BookmarkSubscribeRSS Feed
Pre1
Calcite | Level 5

Hi, I am a SAS beginner. I have some data that I need to tabulate: frequency, N and percent tabulations, by another variable (location). The data is from a multiple-choice survey question - there are 20 different multiple choice options, and respondents can choose up to 3 options. I'd like to be able to tabulate the frequency of each option for Location A, Location B, Location C, etc. and calculate the percentage, with the N being the number of people who responded to that question. So I wouldn't want to tabulate rows where none of the option choices have been selected. --> (Can I accomplish this by creating a new variable that concatenates variables of all 20 variables, and then exclude rows with 20 0s?)

 

 

Location_1 Popn_1 Popn_2 Popn_3 Popn_4.....

CityA 1 0 0 0
CityB 0 0 0 0
CityC 0 0 0 0
CityB 0 0 0 0
CityB 0 1 0 0
CityC 0 0 0 0
CityD 0 1 0 0
CityE 0 0 0 0
CityF 0 0 0 0
CityE 1 0 0 0
CityD 1 0 0 0
CityC 1 0 0 0

........

I was trying to understand this https://support.sas.com/documentation/cdl/en/proc/61895/HTML/default/viewer.htm#a002473759.htm, and also https://communities.sas.com/t5/SAS-Programming/Analyzing-Multiple-Response-Variables/td-p/485261

 

I ran into the same problem as above, was trying this test code:

proc tabulate data=cath.testdata2;
class location_1;
var popn_1-popn_3;
table popn_1='Everyone'
popn_2='Child'
popn_3='Youth',
(n='Count' pctn='Percent');

title 'Frequency and Counts for Population Choices';
run;

 I know that my data has: 141 records where no option is selected; 496 records in total. 

 

Output was: 

Frequency and Counts for Population Choices

   Count PercentEveryoneChildrenYouth

417100.00
417100.00
417100.00

 

 

Additionally I would also like to tabulate, for each location, frequency by each variable against the other. (so the number who have selected popn_1 AND popn_2, etc.) (but after solving the above)

 

I'd like something that looks like this:

  CountPercentN=355
  1: Checked1: Checked 
CityAEveryone52% 
 Children7  
 Youth   
City BEveryone154.23% 
 Children 
 Youth 

 

Thanks any help provided

9 REPLIES 9
ChrisNZ
Tourmaline | Level 20

Please provide a full bur reduced set of test data (like a dozen rows) as a data step, and the expects outputs.

ballardw
Super User

If you have 1/0 coded values then using the variable as a VAR type in tabulate then SUM is the number of 1 values and Mean would be the percent.

So maybe something like:

 

proc tabulate data=cath.testdata2;
	class location_1;
	var popn_1-popn_3;
	table popn_1='Everyone'
	      popn_2='Child'
	      popn_3='Youth',
              (Sum='Count'*f=best5. mean='Percent'*f=percent8.1);
	table Location_1 * (popn_1='Everyone'
	      popn_2='Child'
	      popn_3='Youth'),
              (Sum='Count'*f=best5. mean='Percent'*f=percent8.1);
		  
	title 'Frequency and Counts for Population Choices';
run;
Pre1
Calcite | Level 5

Thank you. I do not understand the numbers the output gives me. 

 

I have my code like this:

    proc tabulate data=cath.binarydata;
    class location sectorcollapsed;
    var popn1-popn20;
    table (location='Location'),
    (popn1-popn20)*(Sum='Count'*f=best5. mean='Percent'*f=percent8.1 N='Total responses      received per question')

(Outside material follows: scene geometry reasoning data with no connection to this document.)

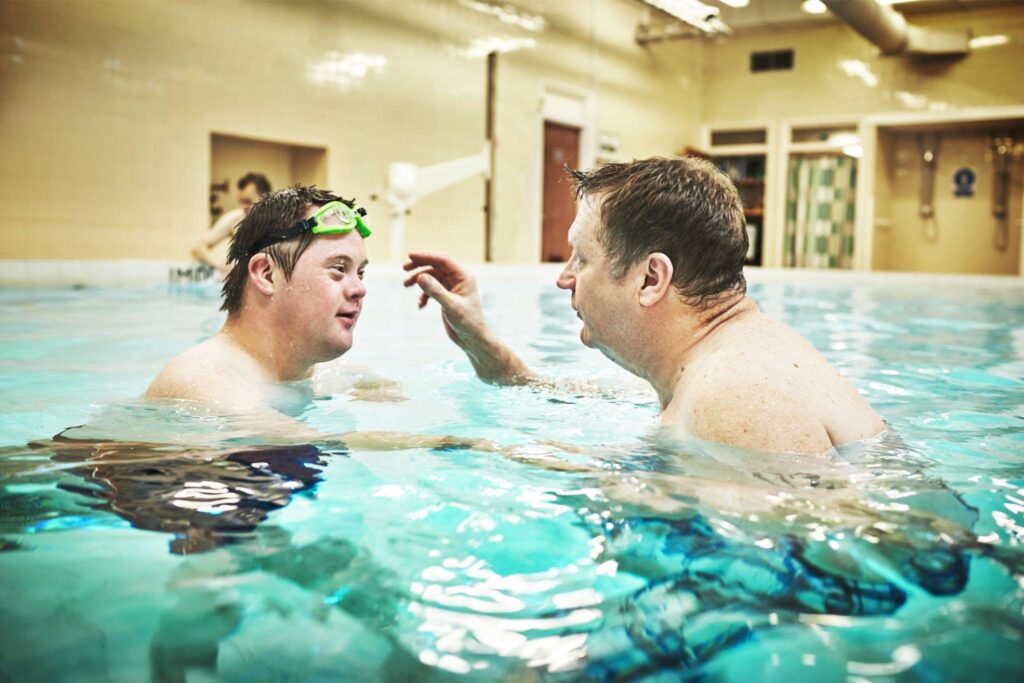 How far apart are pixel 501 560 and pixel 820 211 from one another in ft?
59.6

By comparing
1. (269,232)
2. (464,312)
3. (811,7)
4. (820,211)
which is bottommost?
(464,312)

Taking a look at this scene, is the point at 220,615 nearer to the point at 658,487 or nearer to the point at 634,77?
the point at 658,487

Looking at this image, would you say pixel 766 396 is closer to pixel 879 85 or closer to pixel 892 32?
pixel 892 32

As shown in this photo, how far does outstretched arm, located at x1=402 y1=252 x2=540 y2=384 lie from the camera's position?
296cm

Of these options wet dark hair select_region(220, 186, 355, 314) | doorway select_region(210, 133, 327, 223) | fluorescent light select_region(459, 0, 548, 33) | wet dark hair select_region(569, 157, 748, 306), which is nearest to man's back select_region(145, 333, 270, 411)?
wet dark hair select_region(220, 186, 355, 314)

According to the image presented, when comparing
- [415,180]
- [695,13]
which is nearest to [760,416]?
[415,180]

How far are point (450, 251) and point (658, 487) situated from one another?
→ 1209 cm

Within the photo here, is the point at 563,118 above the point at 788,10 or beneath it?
beneath

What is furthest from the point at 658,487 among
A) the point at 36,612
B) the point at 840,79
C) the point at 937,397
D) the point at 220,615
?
the point at 840,79

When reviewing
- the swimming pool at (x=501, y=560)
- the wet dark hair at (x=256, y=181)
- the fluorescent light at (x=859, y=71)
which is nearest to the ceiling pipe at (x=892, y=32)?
the fluorescent light at (x=859, y=71)

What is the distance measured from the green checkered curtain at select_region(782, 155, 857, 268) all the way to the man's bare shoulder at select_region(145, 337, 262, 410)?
17.0 metres

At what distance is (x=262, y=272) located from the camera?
2.76m

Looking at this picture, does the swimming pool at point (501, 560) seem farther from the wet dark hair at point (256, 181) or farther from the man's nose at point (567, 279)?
the wet dark hair at point (256, 181)

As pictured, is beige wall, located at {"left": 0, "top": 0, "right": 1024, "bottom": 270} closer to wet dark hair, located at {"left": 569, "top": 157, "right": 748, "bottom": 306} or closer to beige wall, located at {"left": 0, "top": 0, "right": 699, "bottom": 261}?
beige wall, located at {"left": 0, "top": 0, "right": 699, "bottom": 261}
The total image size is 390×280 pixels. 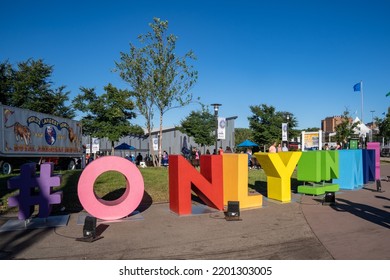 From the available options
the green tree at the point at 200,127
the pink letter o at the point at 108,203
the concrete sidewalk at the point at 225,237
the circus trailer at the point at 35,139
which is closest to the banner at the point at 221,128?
the circus trailer at the point at 35,139

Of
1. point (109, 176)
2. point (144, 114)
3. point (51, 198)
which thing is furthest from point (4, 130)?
point (51, 198)

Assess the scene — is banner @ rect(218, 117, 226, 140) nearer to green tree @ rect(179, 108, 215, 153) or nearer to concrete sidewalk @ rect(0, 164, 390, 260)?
concrete sidewalk @ rect(0, 164, 390, 260)

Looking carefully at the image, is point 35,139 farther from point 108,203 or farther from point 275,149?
point 275,149

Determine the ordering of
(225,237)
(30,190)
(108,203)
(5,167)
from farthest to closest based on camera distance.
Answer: (5,167) → (108,203) → (30,190) → (225,237)

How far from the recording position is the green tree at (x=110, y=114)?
3362 cm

    /box="Populations Served by Location";

 

I am getting confused about what the numbers mean:

When SAS calculates 'mean', what is the N it is calculating this out of? It uses the same N, it seems for each variable (as you can see below). Where does it get this N value from? I just want to make sure this is correctly giving me the percentage of responses who chose that option out of the total who responded to the question. Is this correct?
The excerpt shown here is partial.